Gold Price is reversing a part of the previous recovery gains, in light of a notable US dollar demand alongside rebounding Treasury yields. The dollar capitalizes on the risk-off flows, courtesy of global recession fears, as central banks tighten monetary policy to fight inflation. On the other side, rising inflation expectations boost yields across the curve, adding to the weight on the non-yielding gold. Although XAU bulls manage to find some support from the bleak outlook for the global economy, following the GDP downgrades by the World Bank and the OECD. Traders remain focussed on Friday’s US inflation data for a fresh direction in XAUUSD.
Also read: Gold Price Forecast: Bull-bear tug-of-war around $1,850 extends, all eyes on US inflation
The Technical Confluence Detector shows that it is critical for Gold Price to scale the $1,852 hurdle to initiate any meaningful recovery. That level is the intersection of the SMA10 one-day, Fibonacci 23.6% one-day and SMA50 four-hour.
The next bullish target is aligned at the Fibonacci 61.8% one-week at $1,857, above which the pivot point one-day R1 at $1,860 could be challenged.
Strong support of the Fibonacci 61.8% one-month at $1,863 will be a tough nut to crack for XAU bulls.
On the flip side, the Fibonacci 61.8% one-day at $1,844 could emerge as a fierce cushion.

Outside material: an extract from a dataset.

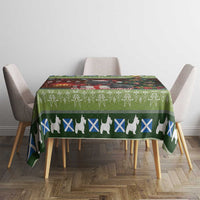 Christmas tablecloth on dining table with green border and white terrier silhouettes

A sustained move below the latter will expose the $1,842-$1,840 demand area, where the SMA200 one-day, Fibonacci 23.6% one-week and pivot point one-day S1 coincide.
The previous day’s low of $1,837 will test the bullish commitments, as sellers will aim for the Fibonacci 38.2% one-month at $1,835.
The TCD (Technical Confluences Detector) is a tool to locate and point out those price levels where there is a congestion of indicators, moving averages, Fibonacci levels, Pivot Points, etc. If you are a short-term trader, you will find entry points for counter-trend strategies and hunt a few points at a time. If you are a medium-to-long-term trader, this tool will allow you to know in advance the price levels where a medium-to-long-term trend may stop and rest, where to unwind positions, or where to increase your position size.